Making a Twitter bot for Clarice Lispector

If I have to doomscroll, I might as well make it enjoyable

Liking Clarice Lispector's writing isn't enough, reading all her books isn't enough, I need to be constantly feeding her words into my veins.

After devouring her books over the winter, I realized that I was severely missing her writing and her daily voice in my head.

To make up for that, I went through a phase of unearthing any other Clarice deep cuts I could find–historical articles (some lovely posts about her in the archive here), videos, research papers(here, here), rereading some of her short stories, and even a brief foray into philately.

I briefly considered rereading her books but decided against it (for now) because a) I didn't want to grow tired of her, b) it was too soon; having just finished her oeuvre (and because I believe books need to be partially forgotten before you can revisit them) and c) I also wanted to get through the other books in my TBR pile. "How can I still serendipitously come across her writing each day, and with the least amount of friction?" I asked myself.
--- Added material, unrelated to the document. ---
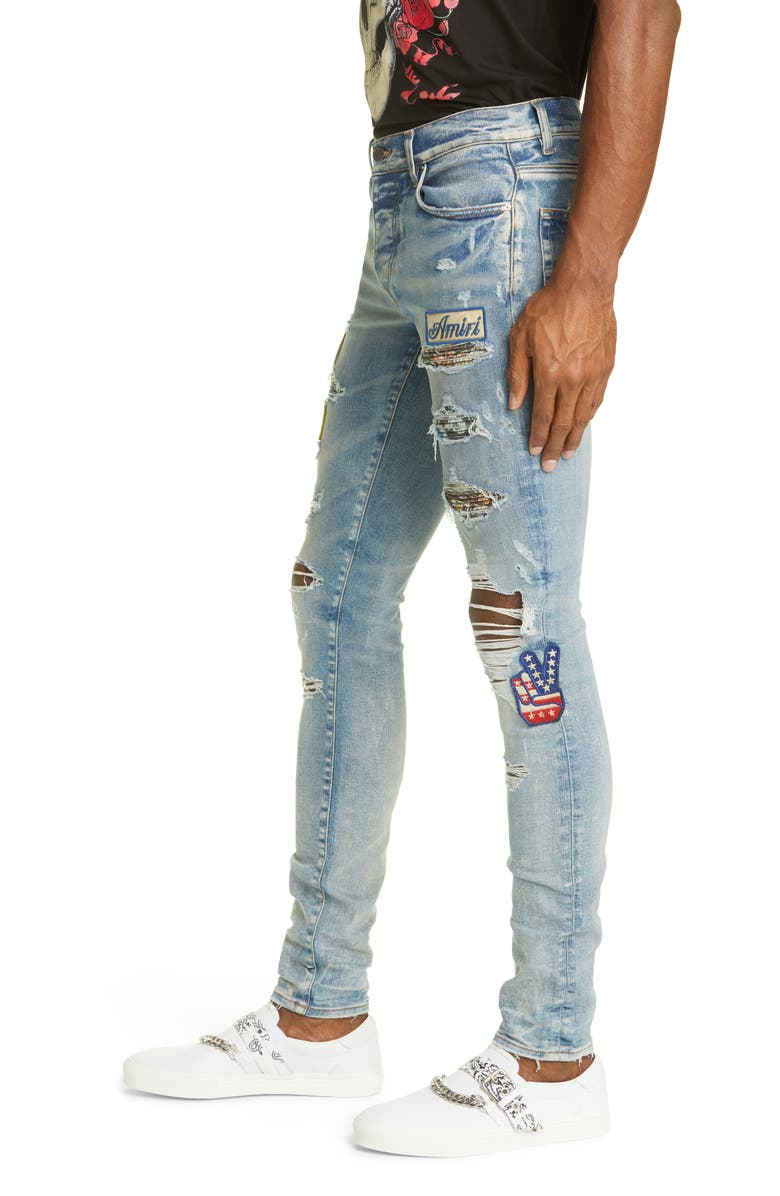 AMIRI Biker Patch Rip & Repair Skinny Jeans, Alternate, color,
The answer was, and I'm not proud to admit this, by having her show up on something I was reading everyday: on my Twitter feed.

I wanted a way to be exposed to her writing organically, coming across her excerpts in bits and pieces everyday, since almost every sentence of hers seems to be quotable and underlineable. These exposures also had to be short enough since I wasn't sitting down to read a book of hers. Incidentally, a tweet seemed like the perfect length.
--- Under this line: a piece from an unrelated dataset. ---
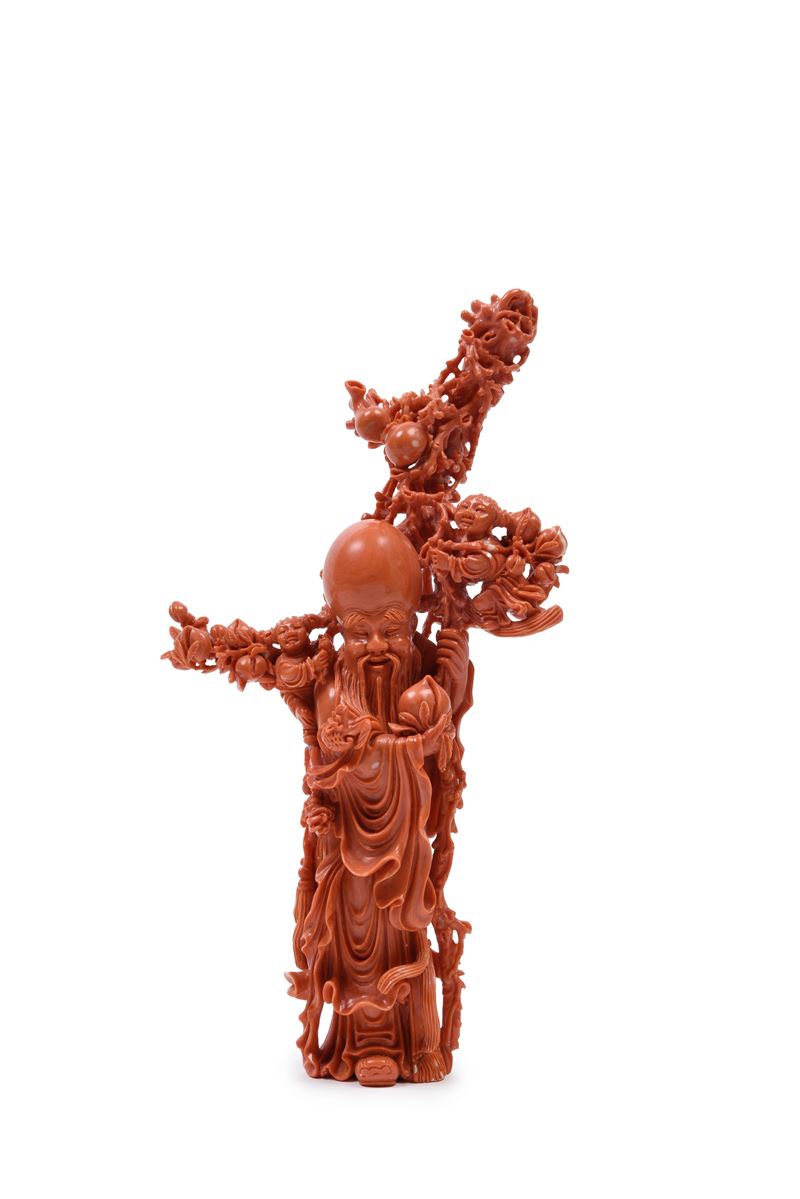 ☼GRANDE FIGURA IN CORALLO ROSSO MOMO O CERASUOLO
It was also a nice excuse since I always wanted to know how to make a bot. I thought the market would be quite saturated with Clarice bots already, but to my surprise there weren't any. There were a couple in Portuguese, and even those weren't quite regular with their posting, so this seemed like the perfect opportunity.
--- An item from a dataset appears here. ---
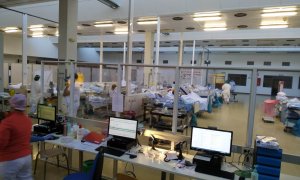 Pacientes en el gimnasio del Hospital La Paz | Twitter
So you want to make a Twitter bot

Step 1: Gathering the material to post

Choosing a body of work to quote

The first step was to find the actual material that the bot should post. It was difficult to find digital versions of her books for free, especially in English. I had her entire collection in paperback, and I wasn't about to purchase it all again digitally (even then, there's no guarantee you can use the text from them outside of their proprietary file types). So I sailed the high seas finding some high-quality copies, which almost always means .epubs or .txts because they're much easier for the computer to parse. I mostly found .epubs though, so I used a free online tool to convert them to .txts to make them as plain to parse as possible. (Side note, some of these copies were by a different translator than I read, and I preferred my version over them, but this was the best I could do.) As an added measure, I manually deleted everything apart from the actual text of the work–this included table of contents, introductions, forewords etc., to prevent the possibility of those sentences being posted by the bot.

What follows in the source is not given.